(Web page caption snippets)
::::::::::
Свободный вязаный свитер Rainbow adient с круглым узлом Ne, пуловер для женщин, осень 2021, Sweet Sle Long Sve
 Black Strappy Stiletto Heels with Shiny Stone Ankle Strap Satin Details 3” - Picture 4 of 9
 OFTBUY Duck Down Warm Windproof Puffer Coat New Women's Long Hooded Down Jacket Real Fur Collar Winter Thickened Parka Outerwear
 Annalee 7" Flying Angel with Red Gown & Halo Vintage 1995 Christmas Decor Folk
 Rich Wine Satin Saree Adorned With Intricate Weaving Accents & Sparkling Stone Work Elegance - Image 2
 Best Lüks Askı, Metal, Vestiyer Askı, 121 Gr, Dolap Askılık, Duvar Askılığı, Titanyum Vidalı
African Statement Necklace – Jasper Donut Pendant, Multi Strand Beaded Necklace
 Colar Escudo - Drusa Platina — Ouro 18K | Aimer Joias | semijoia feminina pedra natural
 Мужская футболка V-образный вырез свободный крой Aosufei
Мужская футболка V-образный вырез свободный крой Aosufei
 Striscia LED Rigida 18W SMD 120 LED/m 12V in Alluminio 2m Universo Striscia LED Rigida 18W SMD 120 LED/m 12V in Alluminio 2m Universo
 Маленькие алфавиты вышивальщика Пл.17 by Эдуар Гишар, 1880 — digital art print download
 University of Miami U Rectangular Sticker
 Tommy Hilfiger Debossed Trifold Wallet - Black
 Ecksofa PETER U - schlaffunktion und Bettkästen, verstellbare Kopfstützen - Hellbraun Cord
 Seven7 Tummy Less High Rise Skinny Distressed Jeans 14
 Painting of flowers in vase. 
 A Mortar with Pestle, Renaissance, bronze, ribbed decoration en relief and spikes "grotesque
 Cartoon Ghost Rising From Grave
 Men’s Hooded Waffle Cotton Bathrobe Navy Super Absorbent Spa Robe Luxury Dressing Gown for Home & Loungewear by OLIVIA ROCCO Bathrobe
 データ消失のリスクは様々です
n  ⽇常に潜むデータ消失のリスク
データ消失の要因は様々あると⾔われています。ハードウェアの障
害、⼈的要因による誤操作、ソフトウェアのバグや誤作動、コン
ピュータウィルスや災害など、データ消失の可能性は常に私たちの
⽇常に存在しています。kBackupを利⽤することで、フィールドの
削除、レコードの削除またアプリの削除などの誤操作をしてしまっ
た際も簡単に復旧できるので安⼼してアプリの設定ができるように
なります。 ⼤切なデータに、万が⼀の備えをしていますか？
::::::::::
§ **ASSIGNMENT**
Pull out every line holding "крой" from the records above, and copy it.

§ **SOLUTION**
 Мужская футболка V-образный вырез свободный крой Aosufei
Мужская футболка V-образный вырез свободный крой Aosufei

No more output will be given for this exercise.